The rate of childhood obesity in Chile has also been increasing since 2000, with national statistics revealing an exceptionally high level of SSB consumption – at about 500ml per day on average per child.
Recent research has also shown that Chile has seen the worldwide fastest absolute growth of sales of SSBs from 2009 to 2014.
The researchers will use advanced statistical analysis and modelling to evaluate the impact of the sugar tax – using, among others, household purchasing data sourced from a nationally representative sample in Chile.
Professor Marc Suhrcke, from the University of York’s Centre for Health Economics (CHE), said: “Chile, like many other countries, is facing huge chronic disease related problems, such as obesity and diabetes. So the question is: what can they do about it with limited available resources?

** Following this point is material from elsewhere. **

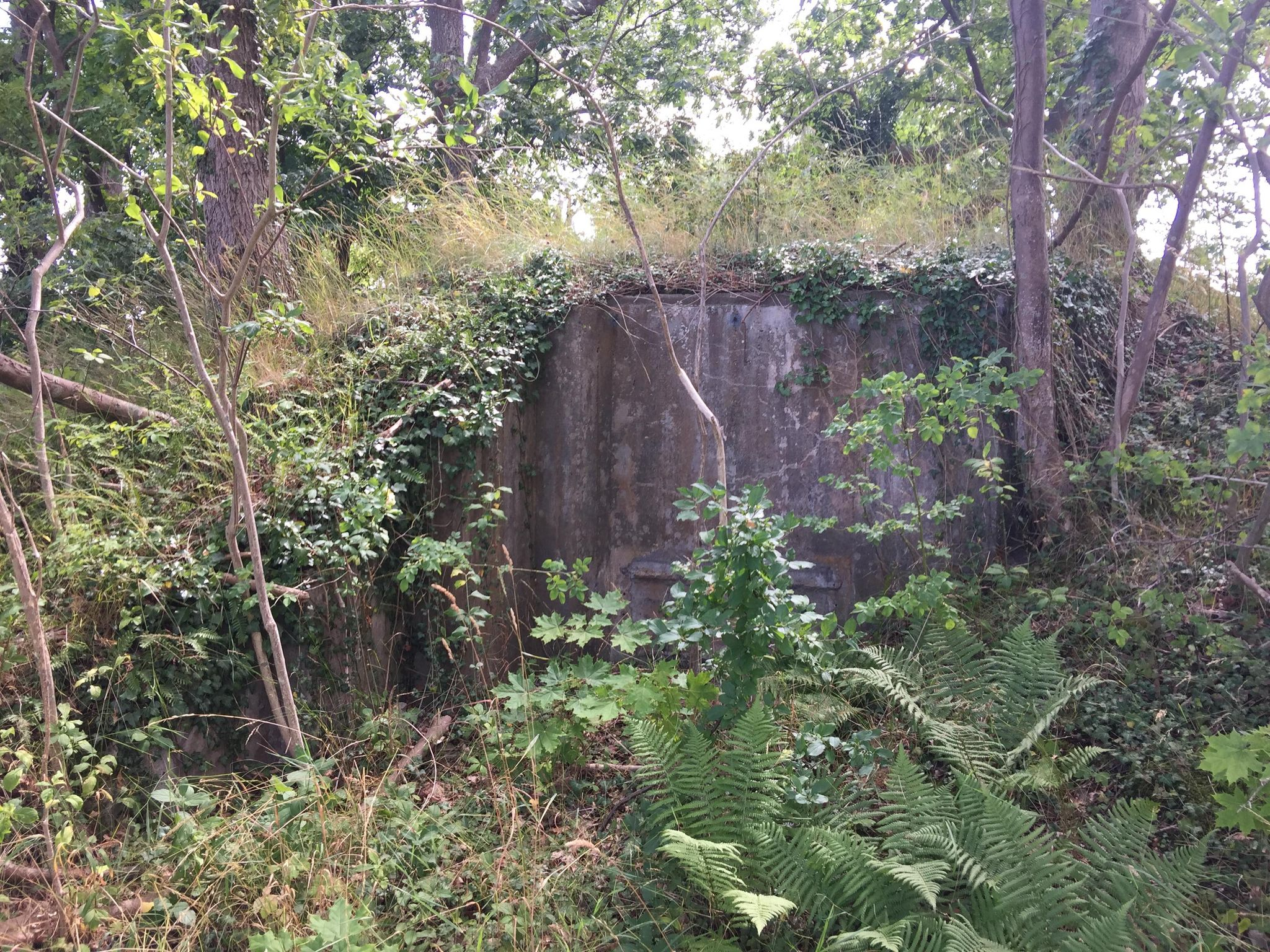 Värn 810 (Foto: Oskar Gerhardsson) (Ksp III)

“Introducing a fiscal policy to make unhealthy foods more expensive, should in principle, promote healthier diets and reduce obesity and associated health problems.

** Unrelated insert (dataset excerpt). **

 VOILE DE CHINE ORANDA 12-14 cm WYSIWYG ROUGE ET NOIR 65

“Yet there could also be other effects and unintended consequences - hence it is really important that we evaluate all the information as rigorously as possible.
“This potentially is very significant for other countries desperately looking for evidence of what happens to such policies when implemented in the real world, rather than in a predominantly simulated modelling exercise, which is what much of the previous work has done.”
Professor Suhrcke added: “This is an extremely rare opportunity to evaluate whether this policy has worked over a comparatively short period of time.
“We believe this research will contribute vital evidence, not only to the Chilean government, but also to many other low, middle, and high income countries also facing the challenge of diet-related ill health.”
The three-year project is being run in collaboration with the University of Chile, the Catholic University of Chile, and the University of Santiago, and is funded by the Newton Fund and RCUK-CONICYT partnership.
Interim results from the study are expected in early 2017.